Hon Pru Goward, MP Minister for Women and Minister for the Prevention of Domestic Violence and Sexual Assault discussed her role and plans for this newly created portfolio with The Indian Telegraph’s chief correspondent Vish Viswanathan.
Vish Viswanathan: Congratulations on your appointment, how do you feel about this portfolio?
Pru Gower: I welcome the opportunity this role presents, to highlight the importance of this issue in New South Wales. It will also enable the NSW Government to strengthen strategic partnerships across government sectors and the broader community in addressing domestic and family violence.
VV: What are the major challenges and chronic issues relating to domestic violence in NSW?
PG: Women from culturally and linguistically diverse (CALD) backgrounds experience additional barriers to disclosing and seeking assistance in domestic violence situations. These additional barriers include a lack of English language which results in social isolation and impeding access to information and services available; lack of financial independence; strong cultural beliefs that reinforce gender inequality (i.e. male superiority) and condone violence against women, and discourage women from separation and divorce; and the lack of understanding of domestic violence, their rights and the support services available to assist them.
VV: Growing alcohol addiction in youth, complex multicultural issues, increasing population, the high cost of living – could these factors aggravate the DV issue?
PG: There is growing evidence that a number of factors may contribute to the prevalence of domestic and family violence including drug and alcohol consumption, gambling, poverty and financial stress.
It is important to reinforce that domestic and family violence is a crime and is unacceptable in any circumstance, and that that it occurs across socio-economic and cultural boundaries.
VV: How can the progressive Indian community contribute to NSW government initiatives on DV or issues related to women?
PG: I encourage leaders within the Indian community in New South Wales to take a stand against domestic and family violence and assist to raise awareness about this issue in your community.

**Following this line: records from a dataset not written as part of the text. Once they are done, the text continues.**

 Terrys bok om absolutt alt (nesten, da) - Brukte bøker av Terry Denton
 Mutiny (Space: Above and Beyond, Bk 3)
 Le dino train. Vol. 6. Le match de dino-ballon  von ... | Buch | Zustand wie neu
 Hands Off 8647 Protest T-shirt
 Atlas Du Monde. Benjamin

Since language may be a barrier, visual campaigns and pledges in community languages may be effective. Publicising information in community newsletters, community events, and through various media outlets about the negative impact of domestic violence, the relevant laws against it as well as how to seek help and access support will also be helpful.
VV: Prevention or early intervention hasn’t seemed to have made an impact in many DV cases; how can this issue be addressed?

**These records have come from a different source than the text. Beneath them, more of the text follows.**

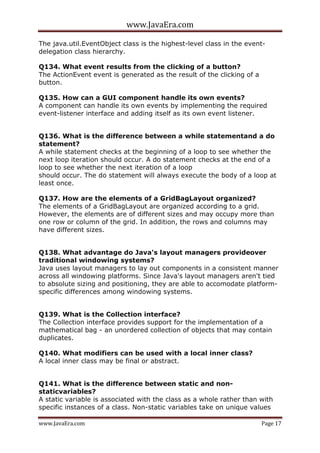 www.JavaEra.com
www.JavaEra.com Page 17
The java.util.EventObject class is the highest-level class in the event-
delegation class hierarchy.
Q134. What event results from the clicking of a button?
The ActionEvent event is generated as the result of the clicking of a
button.
Q135. How can a GUI component handle its own events?
A component can handle its own events by implementing the required
event-listener interface and adding itself as its own event listener.
Q136. What is the difference between a while statementand a do
statement?
A while statement checks at the beginning of a loop to see whether the
next loop iteration should occur. A do statement checks at the end of a
loop to see whether the next iteration of a loop
should occur. The do statement will always execute the body of a loop at
least once.
Q137. How are the elements of a GridBagLayout organized?
The elements of a GridBagLayout are organized according to a grid.
However, the elements are of different sizes and may occupy more than
one row or column of the grid. In addition, the rows and columns may
have different sizes.
Q138. What advantage do Java's layout managers provideover
traditional windowing systems?
Java uses layout managers to lay out components in a consistent manner
across all windowing platforms. Since Java's layout managers aren't tied
to absolute sizing and positioning, they are able to accomodate platform-
specific differences among windowing systems.
Q139. What is the Collection interface?
The Collection interface provides support for the implementation of a
mathematical bag - an unordered collection of objects that may contain
duplicates.
Q140. What modifiers can be used with a local inner class?
A local inner class may be final or abstract.
Q141. What is the difference between static and non-
staticvariables?
A static variable is associated with the class as a whole rather than with
specific instances of a class. Non-static variables take on unique values
 
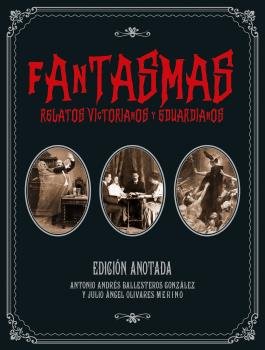 FANTASMAS. RELATOS VICTORIANOS Y EDUARDIANOS I Varios autores I Ediciones Akal I 9788446050445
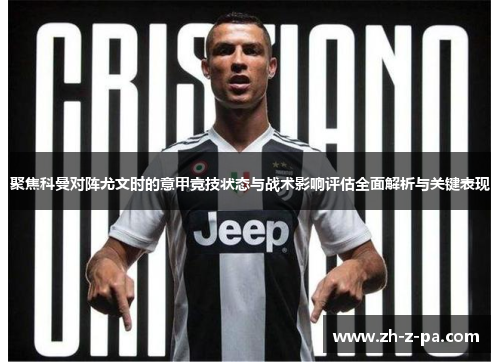 聚焦科曼对阵尤文时的意甲竞技状态与战术影响评估全面解析与关键表现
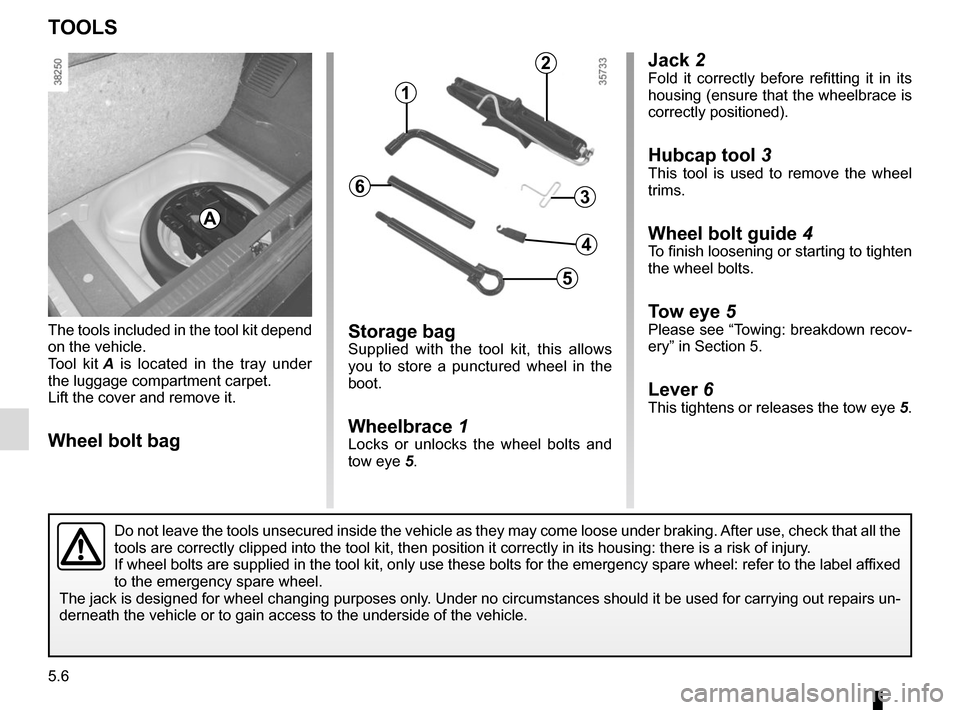 RENAULT CAPTUR 2014 1.G Owners Manual 5.6
Jack 2Fold it correctly before refitting it in its 
housing (ensure that the wheelbrace is 
correctly positioned).
Hubcap tool 3
This tool is used to remove the wheel 
trims.
Wheel bolt guide  4To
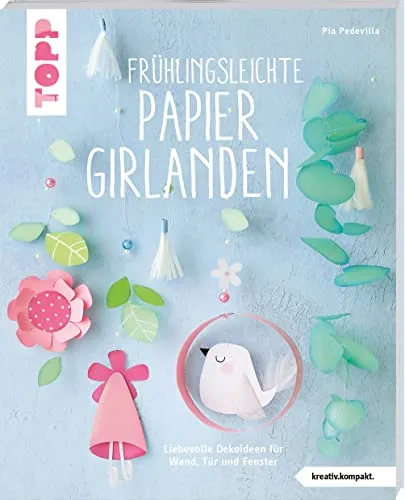 Frühlingsleichte Papiergirlanden (kreativ.kompakt.): Liebevolle Dekoideen für Wand, Tür und Fenster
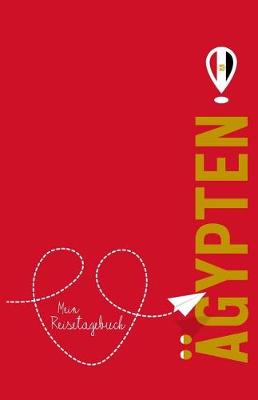 Cover of AEgypten - Mein Reisetagebuch
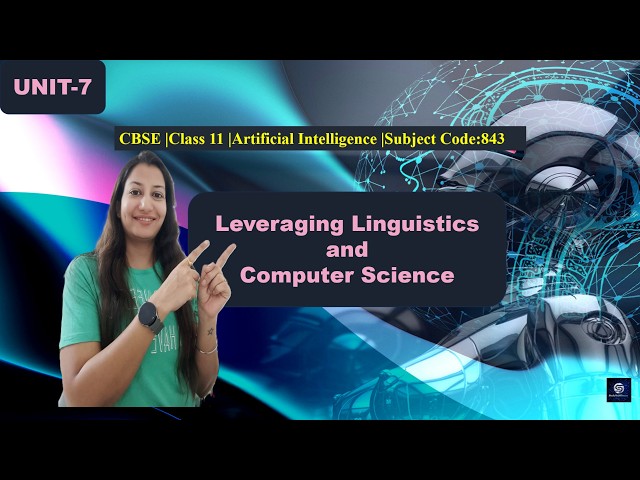 CBSE Class11 AI 843|Leveraging Linguistics and Computer Science| Unit 7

PG: Preventing domestic and family violence requires a shift in broader social attitudes about the roles of men and women. Prevention also involves working to change the behaviour of perpetrators and undertaking early intervention in communities that are more vulnerable.
The NSW Government is currently implementing ‘It Stops Here: Standing together to end domestic and family violence in NSW’. This is a whole of government response focused on prevention, a stronger criminal justice response, new approaches to support victims, and building the capacity of the workforce to respond more effectively to incidents of domestic and family violence.
The NSW Government is also introducing a Domestic Violence Disclosure Scheme that will enable people to find out if their partner has a history of domestic violence offending. This Scheme is designed to prevent domestic violence from occurring, and will allow people to make informed decisions about their relationship and seek help if they need it. More information about this scheme is at www.haveyoursay.nsw.gov.au.
The NSW Government has routine screening for all women presenting to antenatal and early childhood health services to identify and respond to victims of domestic and family violence.